You've been building AI systems that think. Now it's time to make them act. ReAct workflows combine reasoning with action-taking, creating AI agents that can search information, calculate results, and interact with external tools to solve problems you couldn't handle with prompts alone.
ReAct stands for "reason and act." The approach mimics how humans solve complex problems in the real world. You think about what you need to know, take an action to get that information, observe the results, then reason about what to do next. Your AI does the same thing, but it can call APIs, run calculations, and search databases while explaining its thinking.
Understanding the ReAct pattern
Traditional prompts give you one shot at the right answer. ReAct workflows create a loop: the AI reasons about the problem, decides what action to take, executes that action, observes the result, then reasons again based on what it learned. This continues until it reaches a solution.
The pattern follows a simple structure:
Thought: The AI explains what it's thinking and what it needs to find out next. Action: The AI calls a specific tool or function. Observation: The AI receives the result from that action.
This cycle repeats until the AI determines it has enough information to provide a final answer.
Setting up your first ReAct agent
ReAct workflows require more than just prompts. You need to give your AI access to tools it can call. Start with something simple like web search. Use a framework like LangChain.
Create an agent that can search for information:
from langchain.agents import load_tools, initialize_agent, AgentType
from langchain.llms import VertexAI
llm = VertexAI(temperature=0.1)
tools = load_tools(["serpapi"], llm=llm)
agent = initialize_agent(
tools,
llm,
agent=AgentType.ZERO_SHOT_REACT_DESCRIPTION,
verbose=True
)
The verbose=True parameter shows you the AI's reasoning process as it works through the problem. This transparency helps you understand what's happening and debug issues.
Crafting effective ReAct prompts
Your prompt needs to establish the pattern clearly. The AI must understand it should think before acting, take specific actions using available tools, and continue until it can provide a complete answer.
Structure your prompts like this:
"Answer the following question by thinking step by step and using the available tools. For each step, explain your reasoning, take an action if needed, and observe the result before continuing."
Be specific about when the AI should stop. Without clear stopping criteria, ReAct agents can get stuck in loops, making unnecessary API calls and burning through your token budget.
Managing tool integration
Each tool your agent can access needs a clear description of what it does and how to use it. The AI decides which tool to call based on these descriptions, so accuracy matters.
Common tools include:
- Search engines for finding current information
- Calculators for mathematical operations
- Code interpreters for running calculations or data processing
- Database queries for retrieving specific data
- APIs for accessing external services
Configure your tools with appropriate error handling. When an API fails or returns unexpected results, your agent should be able to try alternative approaches rather than stopping completely.
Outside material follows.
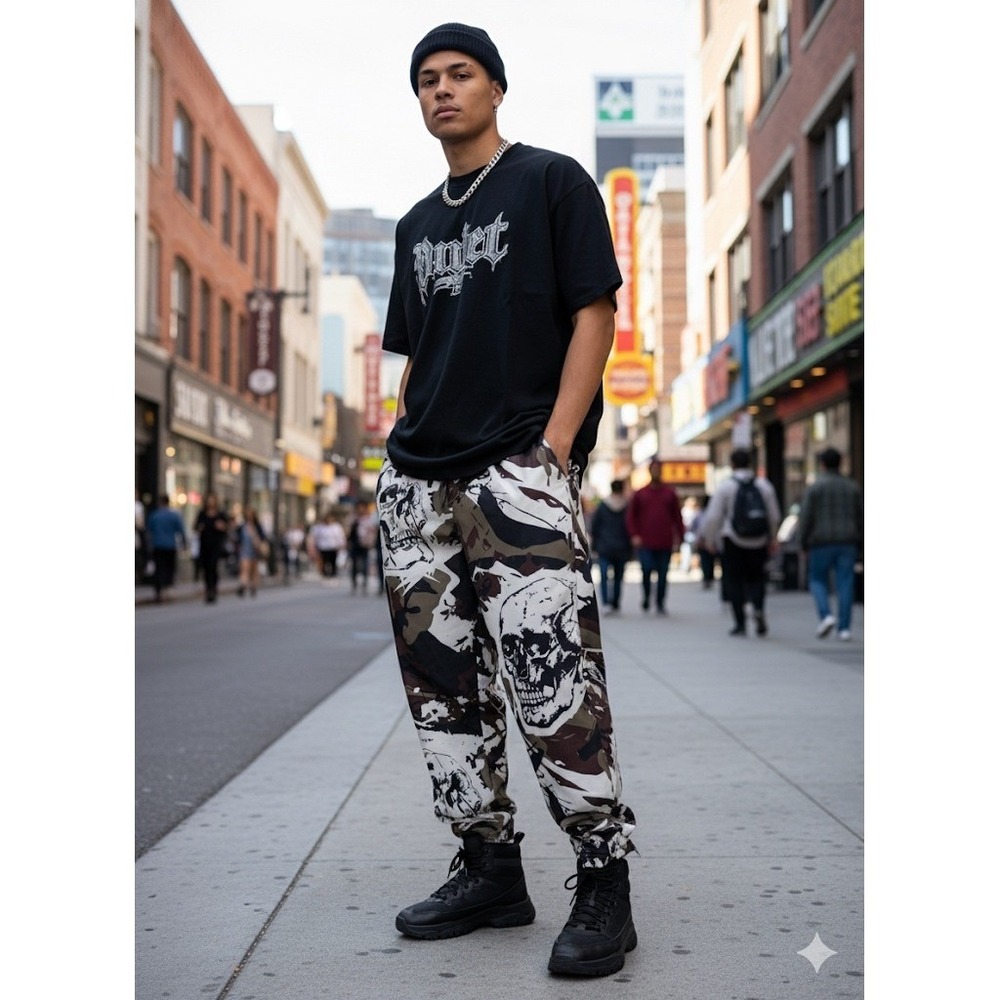Rebel Vengeance‎ Skull Camo Loose Fit Wind Pants Men's Size M Drawstring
Controlling costs and performance
ReAct workflows generate more tokens than simple prompts. Each thought, action, and observation adds to your bill. Set reasonable limits on the number of steps your agent can take and the output length for each step.
Use temperature settings around 0.1 for ReAct workflows. You want consistent, logical reasoning rather than creative responses. Higher temperatures can cause agents to make poor tool choices or get stuck in unproductive loops.
Monitor your agent's behavior during development. Some problems trigger excessive searching or calculations. Build in safeguards to prevent runaway processes that drain your budget without delivering useful results.
When ReAct workflows excel
ReAct works best for problems that require multiple pieces of information or several calculation steps. Research tasks, complex math problems, and data analysis queries are natural fits.
The approach shines when you need current information. A ReAct agent can search for recent developments, check multiple sources, and synthesize findings in ways that static knowledge can't match.
Multi-step reasoning problems also benefit from ReAct. Instead of asking the AI to solve everything at once, it can break down complex questions into manageable pieces and tackle them systematically.
Your ReAct agent will make mistakes, especially early on. The verbose output shows you exactly where things go wrong, making it easier to refine your prompts and tool configurations. Start with simple problems to test your setup, then gradually increase complexity as you build confidence in your agent's capabilities.